Majority of players are amateurs, while the pro players make up the least of individuals in this data. 

**Summary of player subscription**

In [None]:
players_sub <- players_data |>
    group_by(subscribe) |>
    summarize(count = n()) |>
    arrange(desc(count))   
players_sub

More players are subscribed, which would likely be favoured by the researchers, as players would get news and updates easier and be easily recuited for future projects.

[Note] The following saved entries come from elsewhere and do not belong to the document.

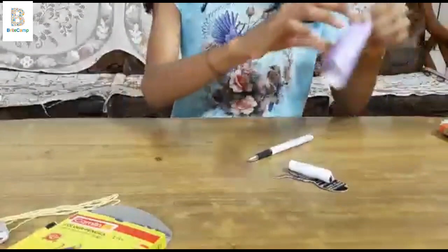Now I am going to be sticking the dress to the pen body.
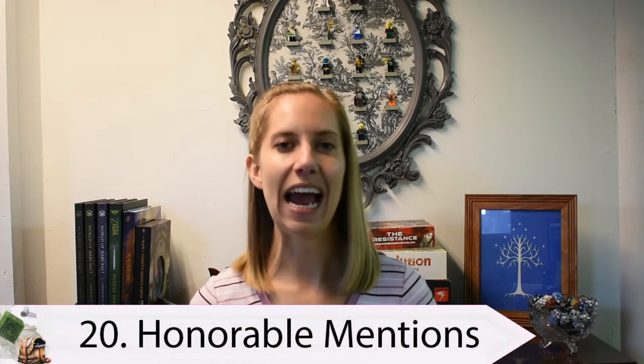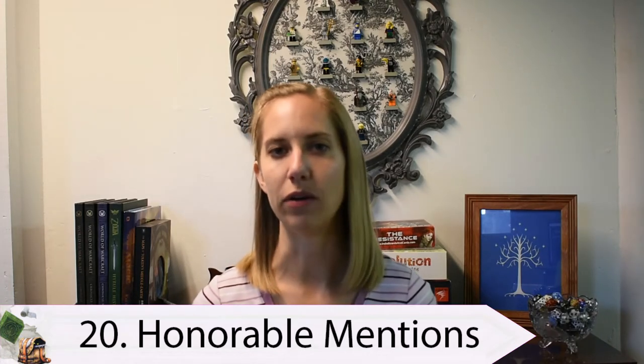And finally, item number 20 on my list is actually a list of honorable mentions, and these include the shovel, a signal whistle, flint and steel for helping you start fires, a grappling hook, and a block and tackle. For those who don't know, a block and tackle is like a rope pulley system that helps your characters lift heavier objects. And there you have it, adventurers — 10 more mundane items that every D&D character should have, bringing our total list up to 20 mundane items you can use in your campaigns to add more flavor and role playing.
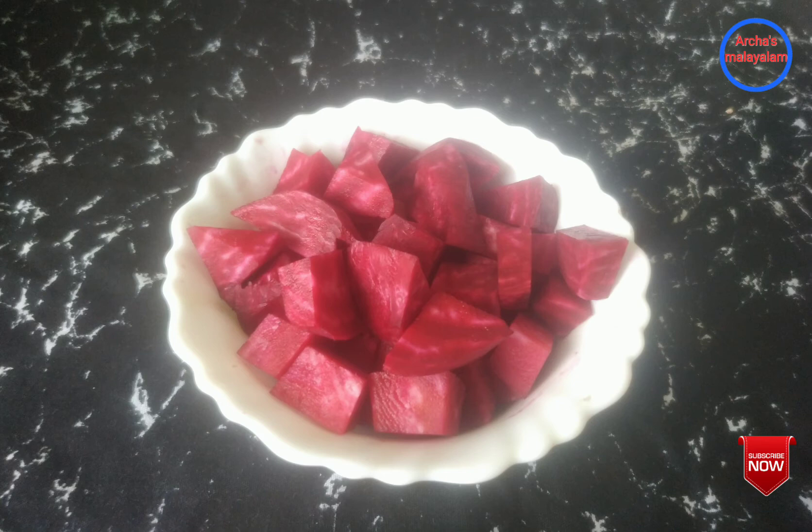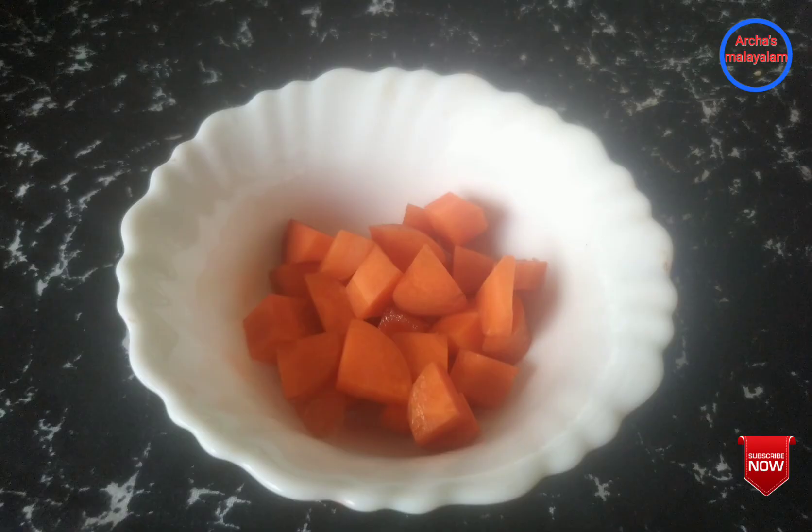This is beetroot. The beetroot is very good for the skin and has excellent pigment. A glass of beetroot juice from a medium-sized beetroot is what we need. The beetroot, once ground, is very beneficial for the skin. Beetroot contains vitamin C and antioxidants — all very good for the skin.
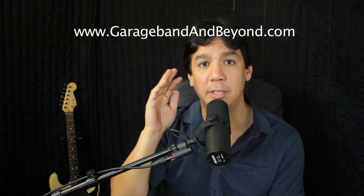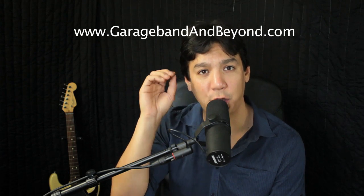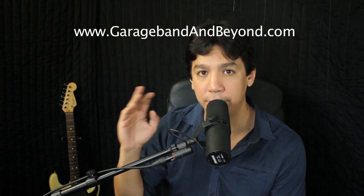Hey guys, what's up? Lewin here at GarageBand and Beyond. Welcome back. Really quickly, I wanted to remind you to check out my website because I'm giving away for free the Home Recording Studio Shoppers List, which is a very complete list of everything you need for your very first home recording studio. And those are the people that I'm going to be talking to today.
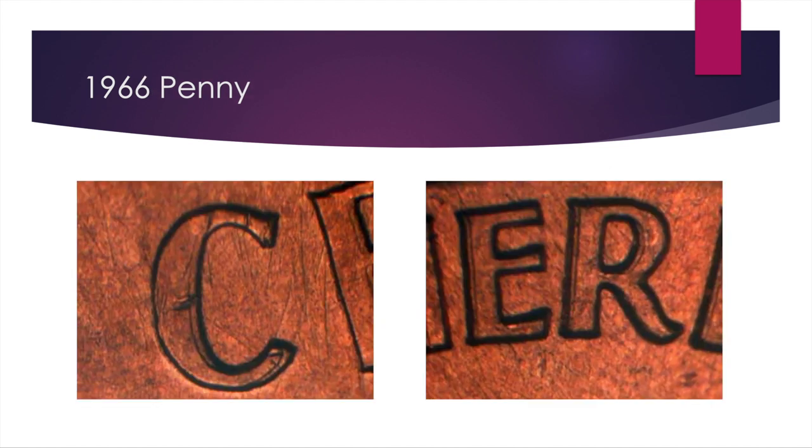The next one we go back to 1966. You can see the doubling in 'cent' and in 'America.' This one has a clear shift slightly to the left — not as much of a spread, but it's still clearly delineated, as you can see in the inside of the C and the outsides of the E and the R. And this one's pretty expensive: AU50 is $125, mint state 63 is $500, and mint state 65 is $750. So this is one you should really keep your eyes peeled for.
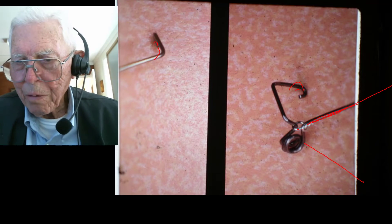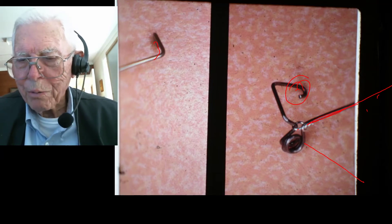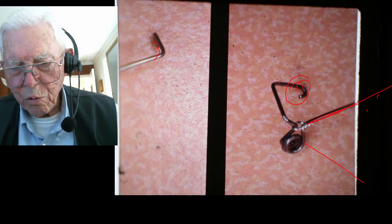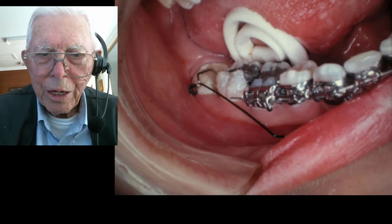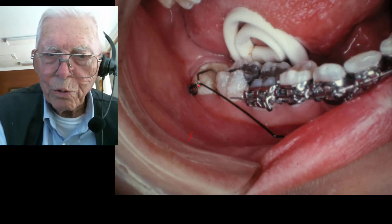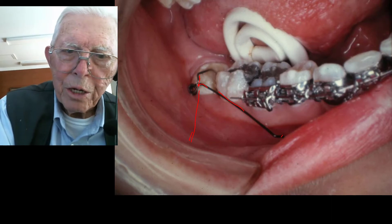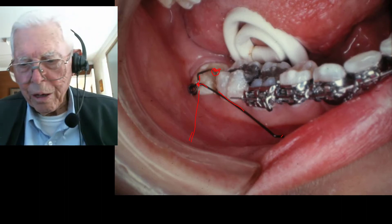After it got hardened real good, I cut this wire. I laid it in between the bracket and the tooth over here, and cutting that put a lot of activation on this. Now I stick it on the tooth and the wire is still tied on there. So if I cut that wire, this would go down this way and stick in the cheek. I put as much activation as I could bond it on with, stuck it over here, and embedded that in the acrylic. I let it get good and hard before I did anything.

**Summary of player genders**

In [None]:
# summary of player genders
players_gender <- players_data |>
    group_by(gender) |>
    summarize(count = n()) |>
    arrange(desc(count))
players_gender

Most players are male.

- **number of variables:** 7
- **name and type of variables:**
    - experience (chr), subscribe (lgl), hashedEmail (chr), played_hours (dbl), name (chr), gender (chr), age (dbl)
- **variable meaning:**
    - experience: player experience sorted into beginner, amateur, regular, veteran, or pro.
    - subscribe: whether players are subscribed to the game.
    - hashedEmail: encrypted version of players' email addresses.
    - played_hours: total hours spent playing the game
    - name: first name of players
    - gender: gender of players
    - age: age of the players (years)
- **visible issues:**
    - some NA values in "Age" column; use na.rm = TRUE to account for this.
    - perhaps not enough variation in entries to visualize strong trends (most age values are ~20 yrs old)
- **invisible issues:**
    - unclear how was player experience was determined
    - unclear how player experience levels are ranked (i.e. is pro higher or lower than veteran?)

### 1.2 sessions.csv


In [None]:
# number of observations

nrow(sessions_data)

- **number of variables:** 5
- **name and type of variables:**
    - hashedEmail (chr), start_time (chr) end_time (chr), original_start_time (dbl), original_end_time (dbl)
- **variable meaning:**
    - hashedEmail: explained above in players.csv
    - start_time: when player started playing, in dd/mm/yyyy [24h time]
    - end_time: when player stopped playing, in dd/mm/yyyy [24h time]
    - original_start_time: when player started playing, in UNIX format (milliseconds)
    - original_end_time: when player stopped playing, in UNIX format (milliseconds)
- **visible issues:**
    - hashedEmail is hard to interpret
    - start and end time have both the date and time in one cell (untidy)

# 2. Questions


I'm addressing the question of which "kinds" of players are most likely to contribute a large amount of data to the research so that they can be targeted in recruitement efforts. Specifically, I am interested in whether player gender can be predicted from number of hours of PLAICraft played from the players.csv dataset. The players.csv data will help me answer this questions by supplying data from which I can create a classification model to visualize and predict whether there is a relationship between hours played and gender of players (i.e. which gender tends to spend the most time on the game).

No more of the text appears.